Pascal Humeau, giornalista e ex spin doctor di Bardella, è stato assoldato nel 2018 da Marine Le Pen per formare dal punto di vista comunicativo e culturale l’allora portavoce del Front national. “Era molto rigido, molto verticale”, ha raccontato Humeau a Complément d’enquête, programma d’inchiesta di France 2 andato in onda a gennaio. “La sua disinvoltura, il suo atteggiamento rilassato e il suo entusiasmo, che oggi si possono percepire, hanno richiesto molto lavoro, ci sono voluti mesi e mesi”, ha aggiunto Humeau, secondo il quale Bardella è stato formato da zero anche a livello politico. Quando era adolescente, del resto, il ragazzo di Drancy voleva diventare poliziotto (ha fatto anche uno stage in un commissariato di Saint-Denis) e il suo unico vero interesse erano i videogame, Call of Duty in particolare (aveva un canale YouTube dedicato al celebre sparatutto). “Le uniche cose di cui parlavamo erano i videogiochi o quello che avevamo fatto durante il giorno. Non parlavamo di politica o di religione, eravamo ancora troppo giovani per farlo. È assurdo perché era il mio migliore amico e, alla fine, non so molto di lui”, ha raccontato al Monde François Le Pourhiet, oggi cuoco in un hôtel particulier sugli Champs-Elysées. Chantal Chatelain, professoressa di inglese nel liceo privato Jean-Baptiste-de-La-Salle di Saint-Denis dove ha studiato Bardella non si capacita oggi del suo percorso nel partito frontista: “Quando esci da una struttura che ti ha insegnato il rispetto per gli altri, come puoi tenere un discorso xenofobo?
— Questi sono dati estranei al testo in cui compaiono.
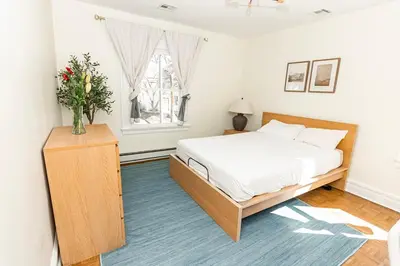 a bedroom with a bed and a vase of flowers at Spacious Beach Vibe Newark's Hidden Gem in Newark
Mi sono cadute le braccia”. Ha dovuto lottare con la madre, già divorziata dal padre, Olivier Bardella, piccolo imprenditore nel settore dei distributori automatici a Montmorency, per essere autorizzato a iscriversi al Rassemblement national. Jordan Bardella, un “facho” che bisognava rendere “sympa”, come ha detto Pascal Humeau. A Rn, ci sono riusciti.